• WHAT THE TASK ASKS: Copy each entry precisely as written, and do not carry over the pictures.
Top of THE INPUT
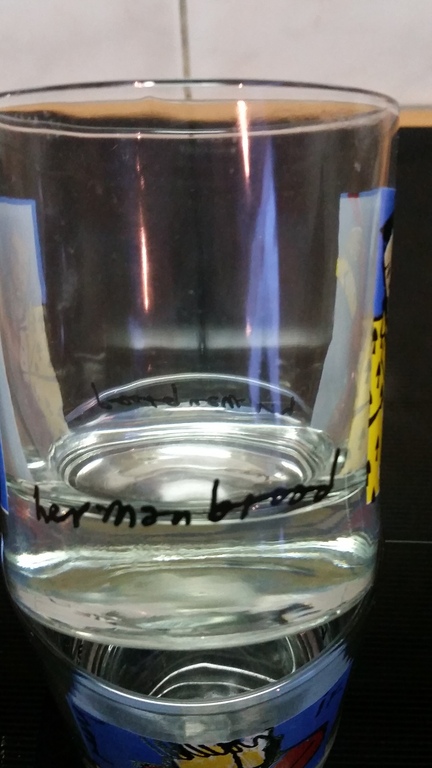 Set whisky glazen van Herman Brood  kopen? Bied vanaf 5!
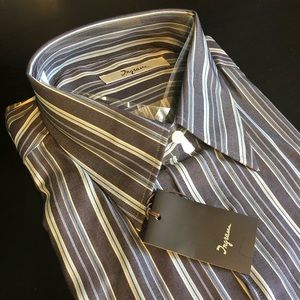 Ingram Made In Italy Dress Shirt XL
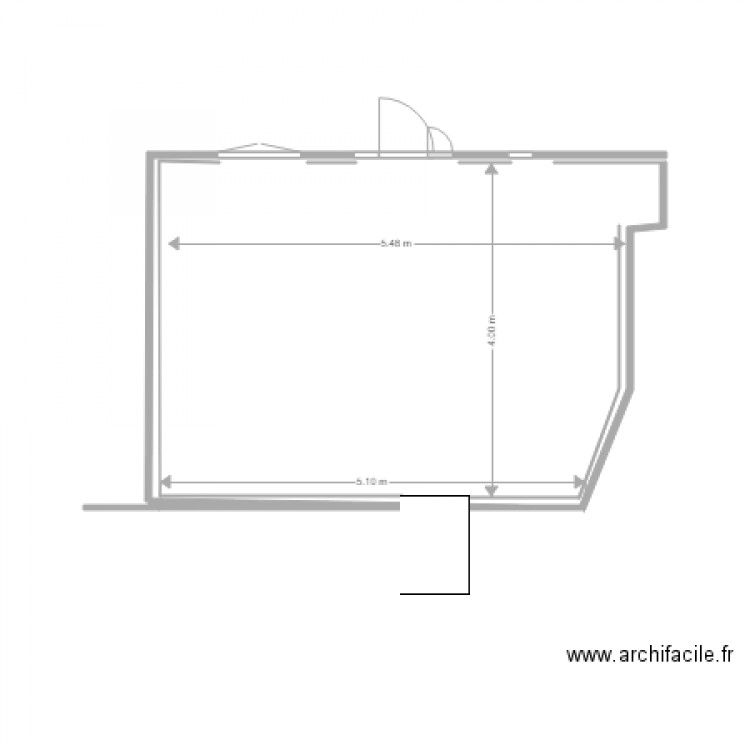 Bureau Carrelage. Plan de 0 pièce et 0 m2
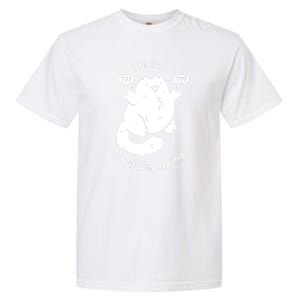 I Know What I'm Doing Funny Cat Garment-Dyed Heavyweight T-Shirt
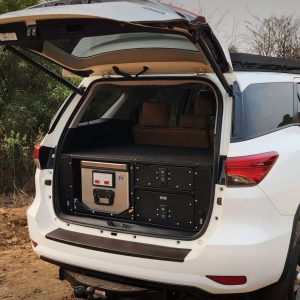 Toyota Fortuner D4D 2005-2015 Big Country Low Profile Combo Drawer System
Bottom of THE INPUT
• ANSWER FOR THIS EXERCISE:
 Set whisky glazen van Herman Brood  kopen? Bied vanaf 5!
 Ingram Made In Italy Dress Shirt XL
 Bureau Carrelage. Plan de 0 pièce et 0 m2
 I Know What I'm Doing Funny Cat Garment-Dyed Heavyweight T-Shirt
 Toyota Fortuner D4D 2005-2015 Big Country Low Profile Combo Drawer System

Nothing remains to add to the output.